In this study the authors exposed the deadwood of different tree species with (1) different sun exposure and (2) in different diameter classes, to evaluate which combination is best suited to promote a high diversity of saproxylic organisms. Considering the timber price of each tree species the authors are able to calculate the most effective way of enriching deadwood for conservation purposes with this experiment.
This study makes an important contribution to the assessment of the success of nature conservation measures. Deadwood enrichment is one of the most important measures for the protection of forest biodiversity, but can be costly. Thus, it is of particular importance to scientifically evaluate the effectiveness of the measures. To disentangle the effects that determine the biodiversity in deadwood, experiments are the most accurate approach, especially with the combination of different aspects that determine the biodiversity in deadwood (tree species, sun exposure and diameter) as applied here.
I do not see any weaknesses in this manuscript.
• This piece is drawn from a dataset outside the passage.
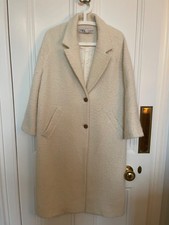 Winter white long  Zara coat with side pockets.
In my opinion this research is very relevant to make qualified recommendations concerning deadwood enrichment in forests. So far, this experiment covers only the effects of fresh deadwood which is important for biodiversity but harbors only a certain proportion of saproxylic biodiversity. Therefore, it would be important to continue this experiment to see whether the relationship between biodiversity and the exposed deadwood changes with increasing age and decay of the wood. A change in this relationship, e.g. due to a fast decay of certain tree species that decreases the long-term positive effect on biodiversity, could also change recommendations made to people that apply deadwood enrichment.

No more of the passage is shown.